Ever since I switched from ceramic Kyocera knives to high quality steel knives, I have been learning about the art and science of knife sharpening. I have decided to boil down the things I have learned into a compact bullet list of items so that you can receive a quick revelation.
- Sharpening machines found at the kitchen stores ain't no damn good to God or this country. Don't buy them.
- 'Sharpening' steels don't sharpen, they hone a blade. Honing a blade means straightening a slightly warped edge. Sharpening steels only straighten an existing edge. They will not put a new edge on a dull piece of metal. If your edge is gone, a steel will do nothing for you. I don't bother with them. Why use a steel when can strop with leather or balsa wood? Either works better than a sharpening steel.
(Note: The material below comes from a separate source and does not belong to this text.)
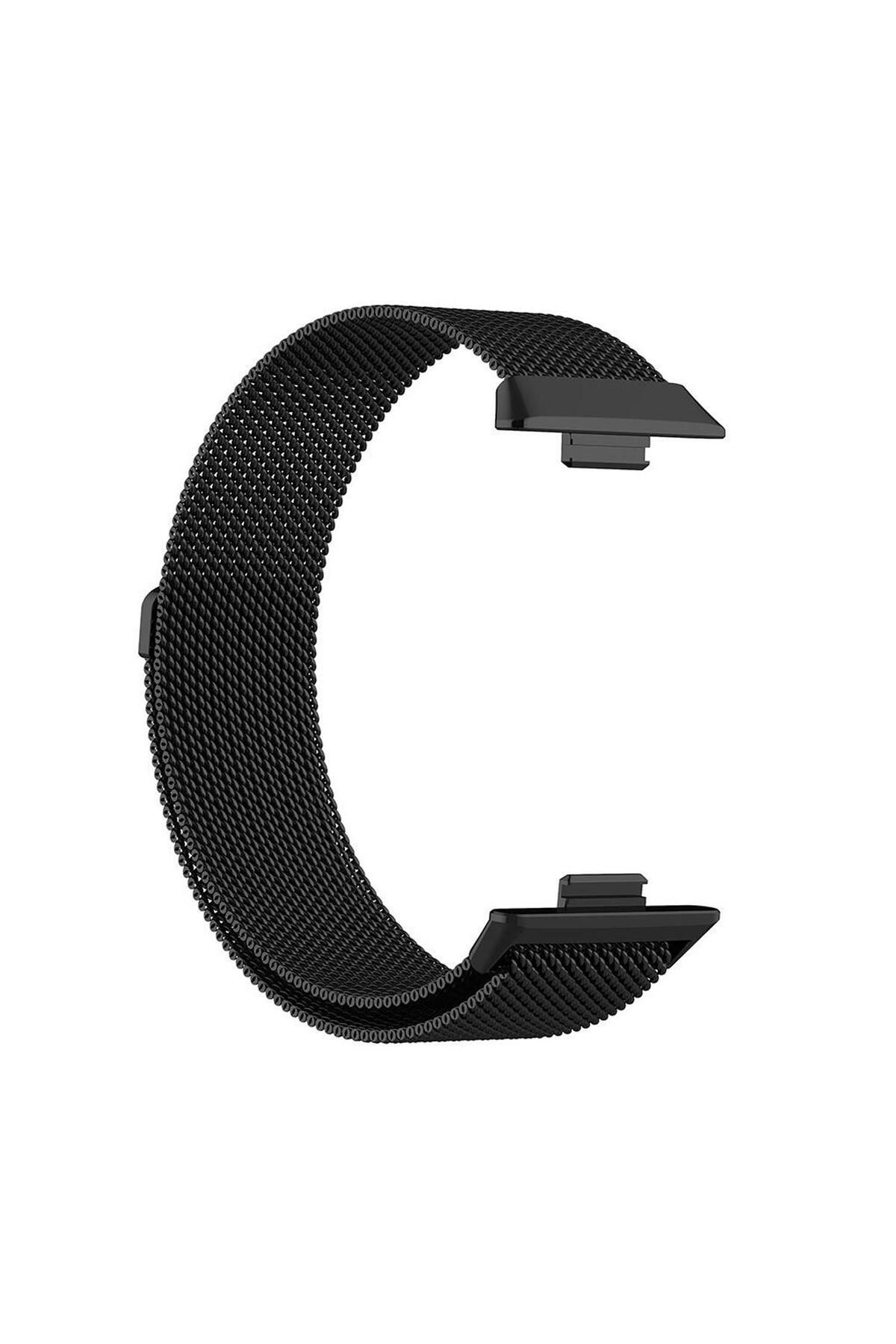 Microsonic Huawei Watch Fit 4 Pro Milanese Loop Kordon Siyah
- Whetstones are for master blade smiths only. If you are an ABS Master Bladesmith, then God bless you for your skill in using these things. Otherwise, they are fairly worthless in maintaining an developing a new edge. Truth be told, very few MBS guys would ever use a stone to put the original edge on a blank piece of steel. Most use belt grinders or large water wheels to set the original edge. Since I don't don't have MBS skills, my Shapton Glass Stones are fairly worthless to me, and they are the very best that money can buy.
- The belt grinder is a truly marvelous piece of equipment. The belt grinder spins at 3,450 rpm, and sands down the edge of your knife quickly. The first time I developed a truly shaving sharp edge on a dull piece of steel, it was with a Central Machinery 1 x 30 belt grinder and an assortment of abrasive belts from EconAbrasives.com. This is a wonderful website, and I strongly recommend them. You can get belts as low as 20 grid, and belts as high as 12,000 grit. I have a wide assortment of belts. Get 'em, they are cheap.
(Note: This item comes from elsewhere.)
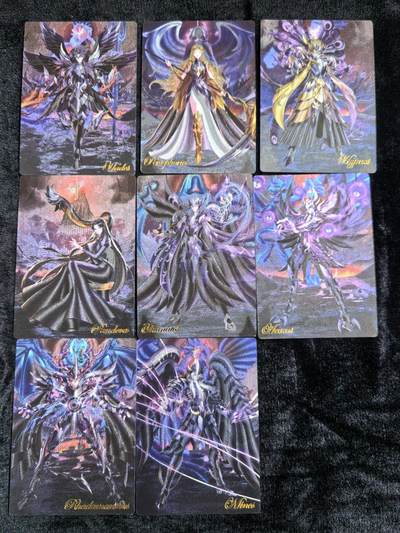 粤A卡牌第10期（9月17日22:00截拍） - 【套卡】冥斗士粗闪卡（全套8张）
- Better even than a belt grinder is the amazing Worksharp 2000. Don't bother with the 3000. The Worksharp is essentially a flat 150mm (6 inch) round plate on a DC motor. The plate spins at 1,750 rpm, or roughly half the speed of the belt grinder. The disk can be covered with an assortment of abrasives at various levels of grit. I have a honing kit that goes to 6000 grit. That level of grit adds quite a bit of polish on your knives when mounted on a device like this. The Worksharp is slightly better than a belt grinder because it puts a perfectly flat V edge on your blades. The belt grinder puts a slightly convexed V on your blades. All else being equal, a perfect V shaped edge is the sharpest edge you can possibly get.
- Leather stropping is wonderful, but it won't work without "loading" the leather with an abrasive compound. These are usually liquid detergent slurries of Silicone Carbide, Chromium Oxide, Boron Carbide, or diamond particles. I use several different compounds. I use leather belts on my belt grinder. I use flat sheets of leather on a simple clip board. I have used the great Russian leather strop. Interestingly, the flat sheet of leather on a clip board seems to work best. The Russian stop also works incredibly well. You will not achieve a truly mirror polish without 0.25 micron diamond spray on leather. Using this stropping technique, I have put mirror finishes on all my blades.
- There is one material better for stropping than leather. That is balsa wood. I was introduced to the technique of balsa wood stropping via the ChefsKnivesToGo.com website. The technique is essentially identical to leather stropping. The only difference is that you load a flat plank of balsa wood with the abrasive compound, rather than leather. I had my first experience stropping on balsa tonight. It was amazing. Wushtof Ikon Classic knives that simply refused to shave hair suddenly became straight razors. With a simple low-pressure stroke, the 5 inch Santoku took a stripe of hair off my chest. Wow...
Basically, I am getting these four tools together into a sequence of ops that take a knife from bowling ball smooth to razor sharp. I am not finished perfecting my technique, but it will roughly look something like this.
- Flatten both sides of the blade edge using the Worksharp 2000. Move progressively from 200 grit, to 600 grit, to 1,200 grit, to 3,600 grit.
- After each grit level on the Worksharp, strop the blade clean using a leather belt on the 1 X 30 belt grinder. Make sure that belt is loaded with 0.5 micron chromium oxide.
- Use 6,000 grit and 12,000 grit belts on the belt grinder to add a slight convex edge to your otherwise perfectly flat edge. This will polish the edge to a fine level, and add toughness to your edge.
- Spray 0.25 micron diamond paste onto a block of balsa wood and strop.
If you go through those four steps, you will wind up with a gleeming mirror-polished edge that will easily shave hair off your face, back, legs or arms.